Defendants argue that this language regarding relevancy is outdated, and specifically argue that the Webster Bank case misstated the standard, because the 2015 amendments to Federal Rule of Civil Procedure 26(b)(1) removed the “subject matter of the action” language from the rule. [198], p. 11, fn. 5. Although the 2015 amendments mean that “[r]elevance, for discovery purposes, is now gauged in relation to claims or defenses in the action” rather than the “subject matter” of the action, the “[t]he rule itself offers no further definition of relevance.” Coleman v. Illinois, No. 19C3789, 2020 WL 5752149, at *3 (N.D. Ill. Sept. 25, 2020). The Court therefore sees no reason why Oppenheimer Fund’s relevancy standard (relevance “has been construed broadly to encompass any matter that bears on, or that reasonably could lead to other matter that could bear on, any issue that is or may be in the case”) is no longer good law, especially in light of the myriad of cases that continue to rely on it. Oppenheimer Fund, Inc., 437 U.S. 340 at 351; see e.g. Pable v. Chicago Transit Auth., No. 19C7868, 2024 WL 3688708, at *6 (N.D. Ill. Aug. 7, 2024) (citing Oppenheimer Fund’s relevancy standard); Belcastro v. United Airlines, Inc., No. 17C1682, 2019 WL 1651709, at *9 (N.D. Ill. Apr. 17, 2019), objections overruled (citing Oppenheimer Fund’s relevancy standard); Arriaga v. Dart, No. 20C4498, 2023 WL 1451526, at *2 (N.D. Ill. Feb. 1, 2023) (Kendall, Chief J., citing Oppenheimer Fund’s relevancy standard); Cent. States, Se. & Sw. Areas Pension Fund v. Wingra Redi-Mix, Inc., No. 21C3684, 2023 WL 199360, at *2 (N.D. Ill. Jan. 17, 2023) (citing Oppenheimer Fund’s relevancy standard).

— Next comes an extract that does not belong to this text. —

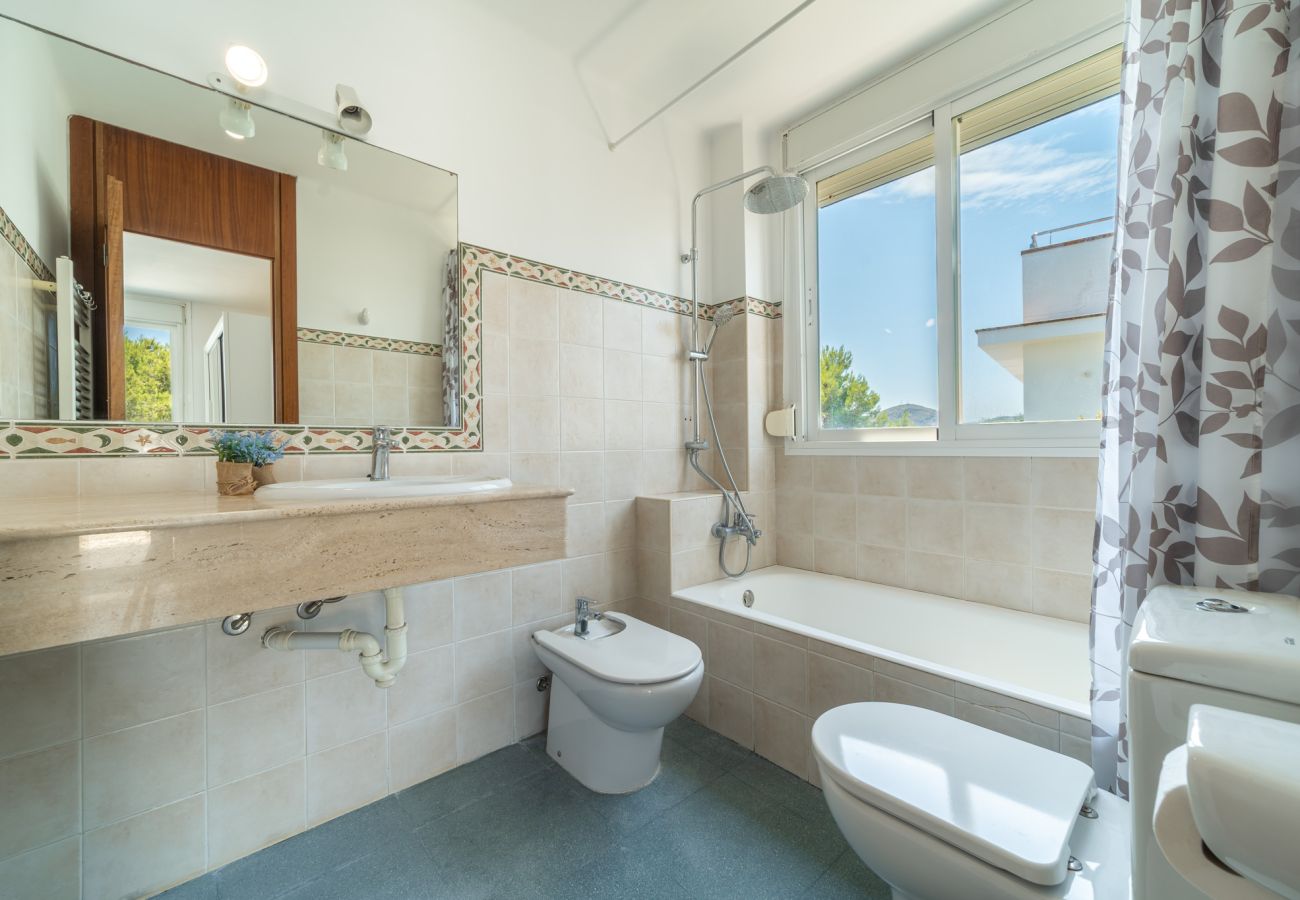 Villa in Alcudia - Villa Jazmin for 8 at the beach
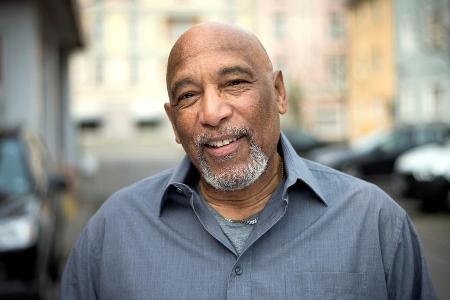 Ron Williams spielt die Rolle eines pflegebedürftigen Vaters in der Ron Williams spielt die Rolle eines pflegebedürftigen Vaters in der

Plaintiff originally sought documents in their First Request back to January 1, 2010, but after pushback from Defendant Hillrom, Plaintiff offered a “compromise” timeframe of January 1, 2012, which Defendant Hillrom also rejected. [163], p. 9-10.
Defendants rely on A.A. Poultry Farms, Inc. in their effort to discredit Plaintiff's argument that intent is relevant to claims of monopolization. [198], p. 13 (citing A.A. Poultry Farms, Inc. v. Rose Acre Farms, Inc., 881 F.2d 1396, 1402 (7th. Cir. 1989)). This reliance is misplaced. A.A. Poultry Farms, Inc. in turn relies on Olympia Equipment Leasing Co. v. Western Union Telegraph Co., 797 F.2d 370 (7th Cir.1986), which the Seventh Circuit “reconciled with” the Supreme Court's Aspen Skiing Co. decision in Panhandle E. Pipe Line Co. In Panhandle, the Seventh Circuit explicitly recognized that “[i]ntent is relevant to the offense of monopolization.” State of Ill., ex rel. Burris v. Panhandle E. Pipe Line Co., 935 F.2d 1469, 1481 (7th Cir. 1991); see also JamSports & Ent., LLC, 336 F. Supp. 2d 824, 842 (N.D. Ill. 2004) (“The Panhandle court seemingly reconciled Olympia Equipment Leasing with Aspen Skiing, recognizing the continuing relevance of intent.”). Intent is therefore relevant to claims of monopolization.